Ecolab Is About to Pay $5 Billion for a Company That Was Worth $270 Million Three Years Ago

Ecolab is nearing a deal to acquire CoolIT Systems from KKR for between $4.5 billion and $5 billion, according to reporting by The Wall Street Journal on March 19. An announcement could come as soon as next week, though sources cautioned that nothing has been finalized.

The price range represents an extraordinary markup. When KKR took a majority stake in CoolIT in 2023, the company was valued at roughly $270 million. At the upper end of the reported range, that is an 18x return in three years. Abu Dhabi sovereign wealth investor Mubadala holds a minority stake in the business.

CoolIT manufactures direct liquid cooling systems for data centers. The company started out building cooling hardware for gaming PCs before pivoting to enterprise and hyperscale infrastructure as AI workloads pushed thermal densities beyond what air cooling can handle. Its product line includes cold plates, coolant distribution units, and rack-level liquid cooling assemblies designed for high-density GPU deployments.

Why Ecolab Wants In

Ecolab, a $65 billion industrial services company headquartered in St. Paul, Minnesota, has been building out a data center cooling portfolio for the past several years. The company already operates a water treatment and cooling chemistry business that serves large commercial and industrial facilities. Acquiring CoolIT would give it a hardware platform to anchor what the company has been calling its Cooling-as-a-Service offering, combining fluid management, thermal hardware, and ongoing maintenance into a single contract.

The strategic logic follows the same pattern that drove Schneider Electric to acquire Motivair in 2025 and Eaton to pay $9.5 billion for Boyd Thermal. Large industrial conglomerates are buying their way into the liquid cooling supply chain because the organic path takes too long. The data center liquid cooling market hit $5.52 billion in late 2025, according to Dell'Oro Group, and is projected to reach $15.75 billion by 2030. Operators who can sell integrated cooling systems, not just components, are capturing disproportionate share.

What KKR's Return Says About the Market

A $270 million entry turning into a potential $5 billion exit in three years tells you something about how fast the liquid cooling market has repriced.
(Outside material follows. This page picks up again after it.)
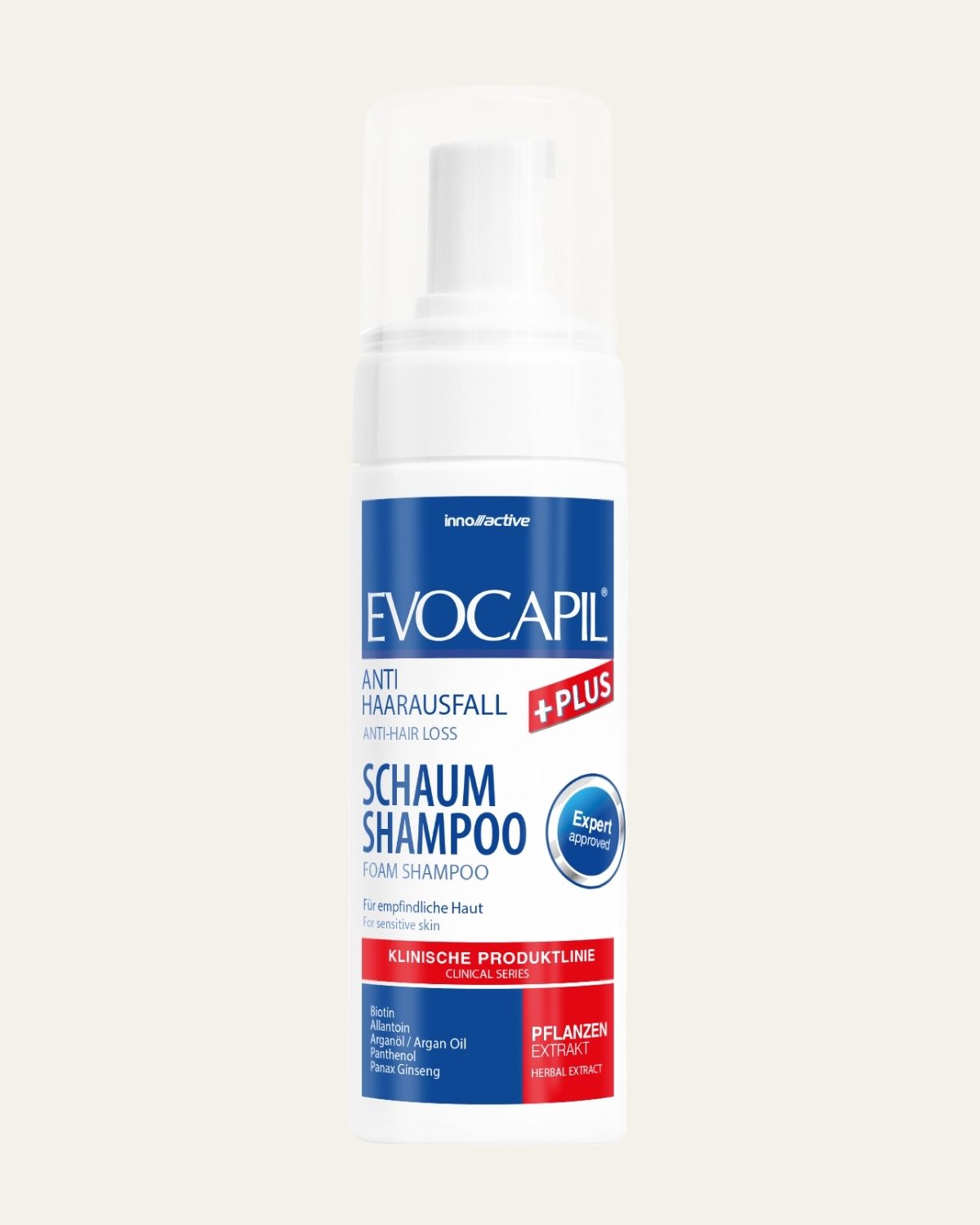 Evocapil Plus Shampoo in Schiuma – Cura delicata del cuoio capelluto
In 2023, direct-to-chip cooling was a niche product serving a small number of high-performance computing customers. By 2026, every major hyperscaler has liquid cooling in production or on order for AI training clusters, and the supply chain cannot keep up with demand.

Ecolab shares fell more than 2.4% on the news. The market reaction suggests investors are not yet convinced that the premium is justified. Neither Ecolab nor KKR has commented publicly on the deal terms.

If the acquisition closes at the reported price, it would rank among the largest pure-play cooling transactions in data center history, second only to Eaton's Boyd deal. The cooling supply chain, long treated as a commodity layer beneath the more glamorous compute and networking stacks, now commands valuations that would have seemed absurd half a decade ago. For companies that built the right products at the right time, the repricing has been violent and fast.